# incarcaration :)



## bobg (Feb 15, 2010)

please give critisicm.

‘You are not guardsmen, you are not soldiers, you are not here to live. You are dogs and will die like dogs’ Commissar Avoir

He squinted hard as he tried to look through the darkness. They would be coming soon, to take them away. The lucky ones were sent to the chamber. The others were given a chance to absolve themselves in the eyes of the almighty carrion lord. Soon they would come for him too; soon he would suffer the same as all the others. Death or redemption both of them ended in the same way. This place was a hellhole, a hive world exhausted of all that is natural and good. This small enclosed room was even worse than the outside, millions of people left in this spire to die or feel the wrath of the inquisition. Him and all his ‘friends’ had been thrown in this cell a little over a week ago, now they were gone and this room felt massive and empty. 

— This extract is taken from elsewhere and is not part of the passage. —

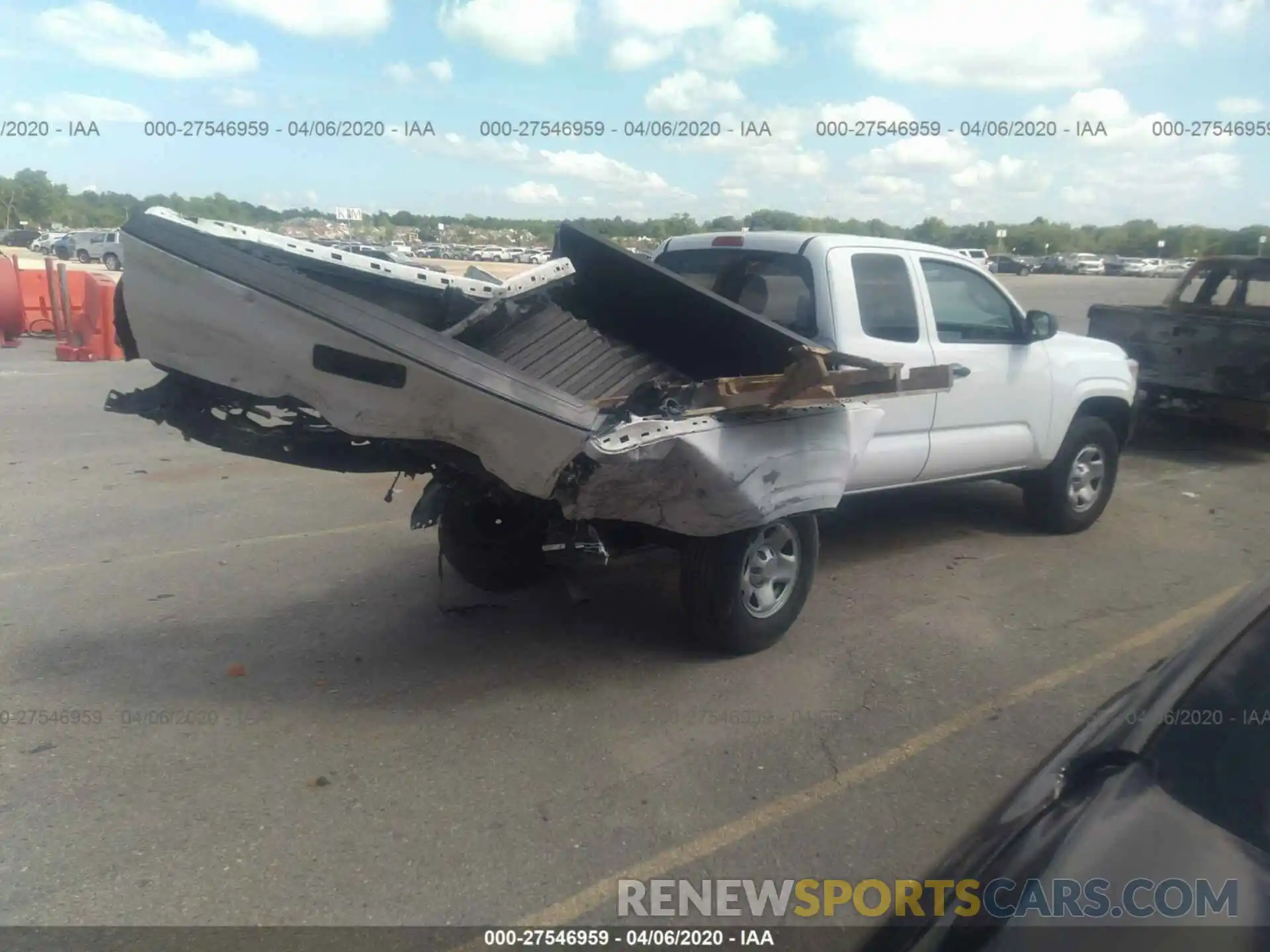 4 Photograph of a damaged car 5TFRX5GN8KX132435 TOYOTA TACOMA 2019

He had been surprised when the adeptus arbites had dragged him in here, but what had surprised him more was why. He was a world class thief, most people on this planet had that skill, due to this being a penal colony, therefore nothing is safe. He had pickpocketed one of savlar’s nobility, as he pulled his hand out of their pocket he had cut his palm. Fighting back a sharp intake of breath he had quickly retreated into the crowd. Fleeing quickly he had made his way home to the main spire and ditched off his lootings on the shelf. Then he had made his way to the ministorium temple to pray for his immortal soul. His hand had not stopped bleeding for some reason and the blood was beginning to change colour. On his way in he’d noticed two arbites personnel standing guard at the door. As he entered he placed his on the doorframe and smeared blood on it. Continuing up to the altar he’d bowed down, placing his hand on a statue of the immortal emperor. Then he’d been grabbed by the two arbites that had been standing at the door and hauled out of the room.

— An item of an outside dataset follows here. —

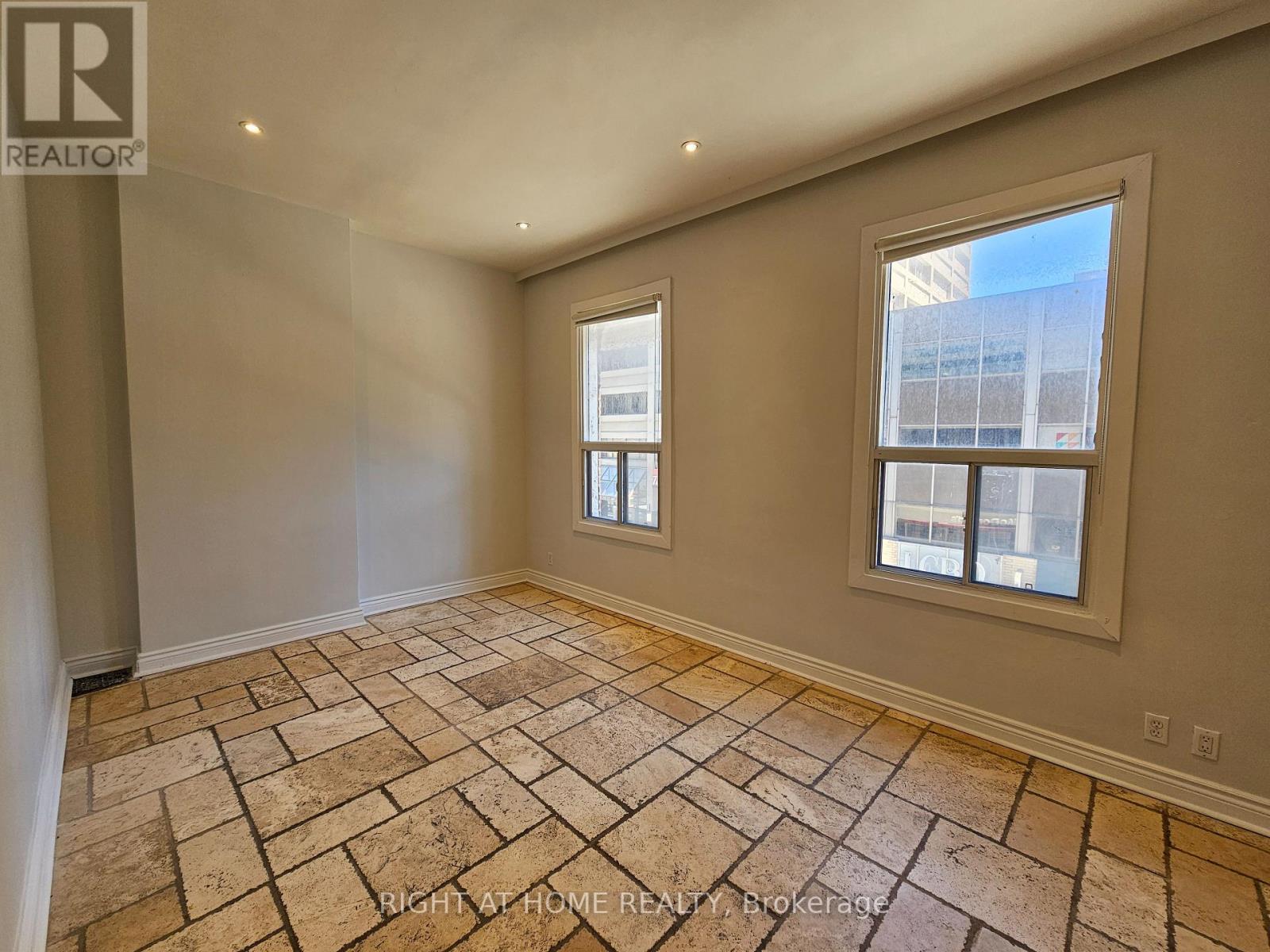 3f - 550 Yonge Street, Toronto, Ontario  M4Y 1Y8 - Photo 12 - C13205648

He had been charged with heresy and accused of worshipping false and dangerous gods. The proof they presented was the ritual blood smears on the door and several heretical items on a shelf near the door. This was apparently, enough proof to have him executed. The sentence was passed and he has been locked away. He curled up in the corner and hugged himself for comfort and to try and stave off the encroaching cold. After a while he began to hear a soft tapping from down the hall, it was getting closer and closer. Soon it wasn’t so soft and it was but a few metres away. He began to sweat profusely as he heard the key turn in the lock and then the door swung open. In swept a regal looking man he recognized as Lord Commissar Avoir and behind him was a scarred female in ceremonial robes.

“Prisoner Number 925608, come with us, now”

***********************
This feeling was new to him, as alien as anything he had ever fought. His body was trembling, his hearts were racing, and sweat was dripping down his brow. He was an astartes, chosen one of the emperor, child of khan. This should not have happened to him, they should never have strayed.

He had turned against his brother’s breaking an oath more sacred than life, committed atrocities that would follow him to his grave and for what to defend the honour of a man beyond hope, to become blessed in the eyes of heretical gods.

He paused a moment and looked around the large circular room where he and his companions were being held. By the door on the left was a sign that said cargo bay. He then looked at his fellow marines; in almost every single set of eyes he registered defeat, fear or sorrow. Feelings no true astartes should be physically able to feel. These men that shared this room were supposed to be the saviours of mankind, the torch which blinded the darkness. They were part of a holy order, bred to know their place and yet they had forgotten it, pledged allegiance to a man of questionable motives. ‘Lugft Huron’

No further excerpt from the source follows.